Web3 and Blockchain: A (Very) Quick & Easy Guide
B.A.S.E.(X) - Blockchain - The Really Interesting Stuff
Hello!
It’s fab to be back, but hands up, it was also fab to be away.
Not least because in meeting different folk, you often get asked different questions.
And on this last trip I got asked the same question two different ways - “What has blockchain got to do with Web3?”
It’s enough to send any mortal to sleep, right?
Well, yes, unless you understand it - and that actually isn’t a very difficult thing to do!
So, let’s do that, and as I’m still all-of-a-happiez about the cuisine I indulged in when I travelled (Indian, Chinese, Mexican, Japanese), my analogies might be a little food orientated. Perhaps don’t read unless you’ve got a snack nearby!
Web3 and blockchain get thrown around together a lot.

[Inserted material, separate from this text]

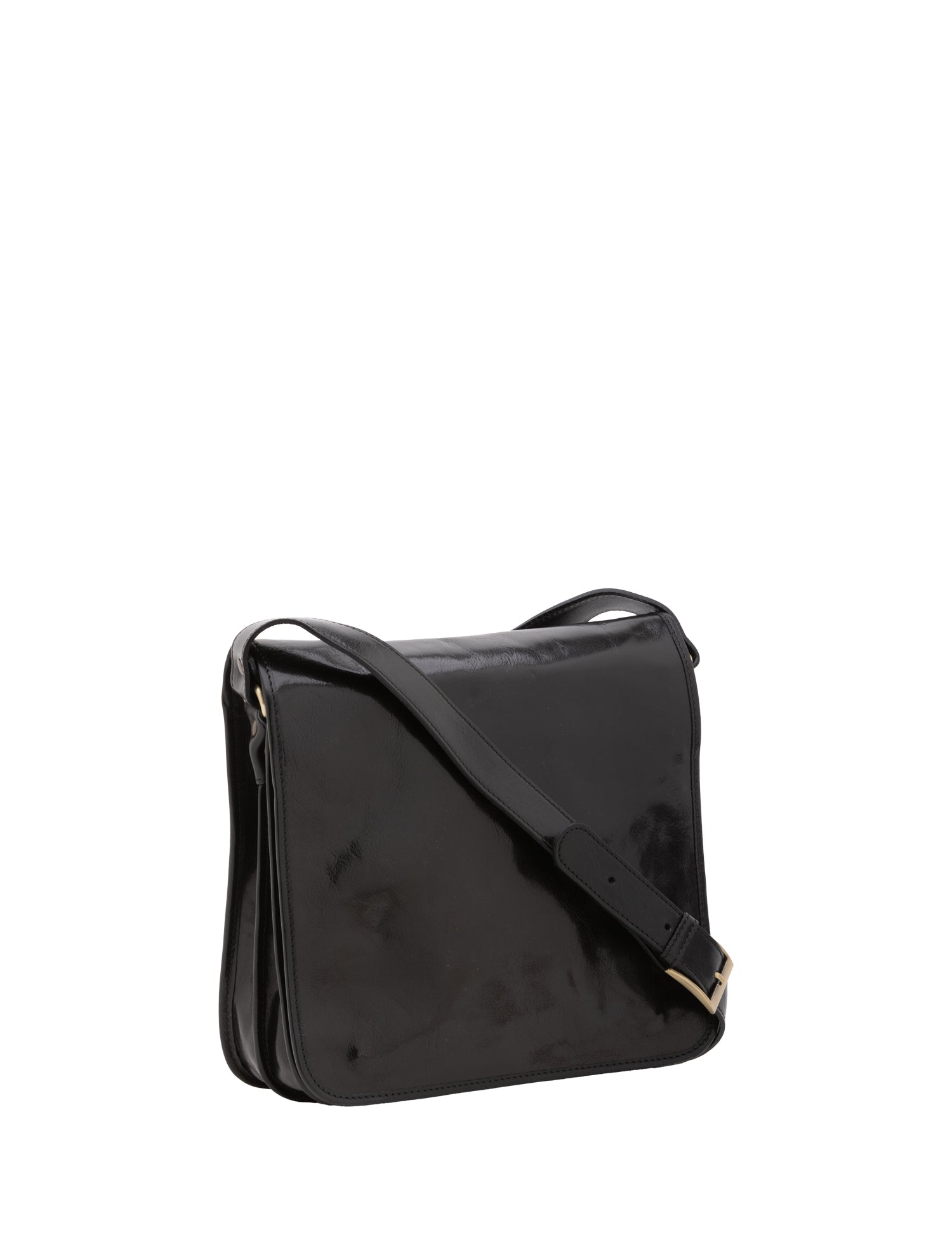 Borsa a tracolla uomo in vera pelle Made in Italy 5551-Nero I Fratelli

Web3’s the big idea - a future where you don’t just read or post online, but own your digital patch.
Blockchain’s the plumbing that could make it possible.
Which is all a bit intangible, isn’t it, so let’s look at it like this (standby for food references!…)

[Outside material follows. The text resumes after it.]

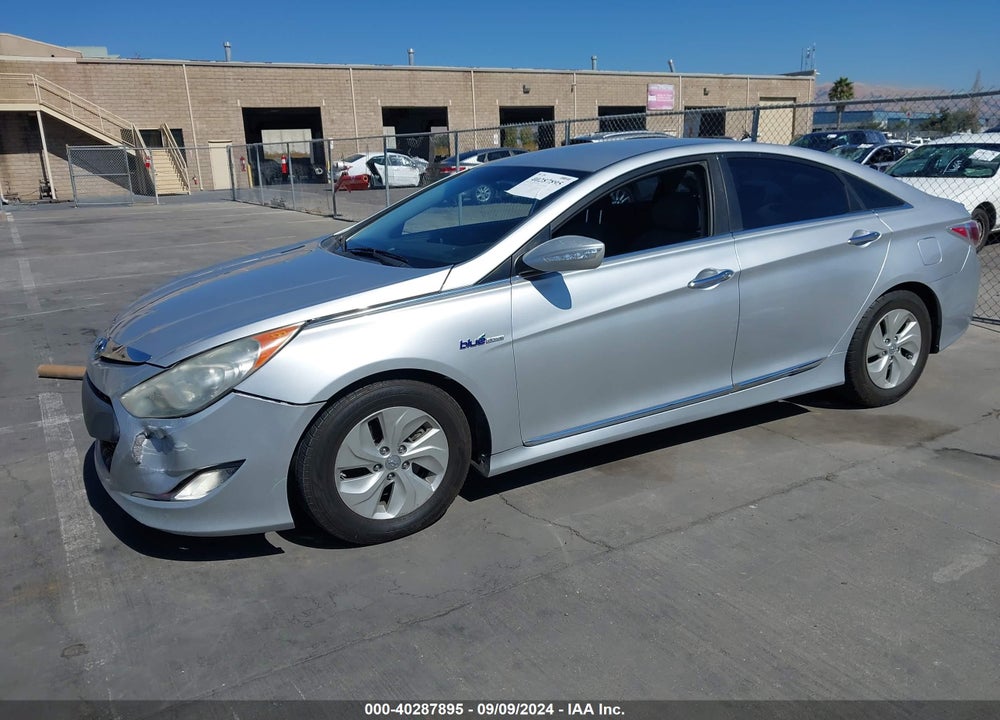 2013 HYUNDAI SONATA HYBRID VIN: KMHEC4A45DA075777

It’s a bit like a dinner party in three acts:
Web1 (Read-Only): You can see the menu but you’re not allowed to order - or even grab a chair. Think static news sites or old-school directories.
Web2 (Read-Write): You’re allowed to share your own recipes, but the restaurant still owns the plates and decides who gets to eat. Think: social media - share what you like, but your data’s never really yours.
Web3 (Read-Write-Own): Here, you bring your own plates and your own recipes. You’re meant to own your seat at the table - no one to shut you out, no one to take it away.
Blockchain’s the ledger that keeps it all honest - no maitre d’ to decide if you’re welcome, no backroom deals over the last pint of milk.
It’s meant to be fair, transparent, and up for inspection.
In practice?
It’s still a mess.
Blockchain’s slow, and while it cuts out the middlemen, it’s far from foolproof.
Power just moves elsewhere - to the people who built the kitchen (Web3 infrastructure).
And Web3’s still a work in progress.
But when you know all of the above, for me at least, the next logical question is:
Who really owns the digital world - Web3 or otherwise - that we keep expanding?
And if it’s not us, who’s cashing in on all the plates we keep stacking?…
- Cat
If you’re interested in knowing more, or keeping an eye on some of the players, the list below might be helpful - ‘cause as the old nod and a wink reminds us:
Someone always writes the guest list.
The only question is - who’s holding the pen?
Venture Capital firms (like Andreessen Horowitz, Sequoia Capital) - they fund the infrastructure and protocols that power much of Web3.
Blockchain Founders & Protocol Creators - think Vitalik Buterin (Ethereum), Gavin Wood (Polkadot), Charles Hoskinson (Cardano).
Exchanges & Custodians - Coinbase, Binance, and even old-school financial players (like Fidelity) are getting into crypto custody.
Token Whales - early backers or large holders of tokens who can influence governance and price.
Layer-1 Blockchain Operators - Solana, Avalanche, Polygon, each with their own ecosystems and developer teams profiting from activity and fees.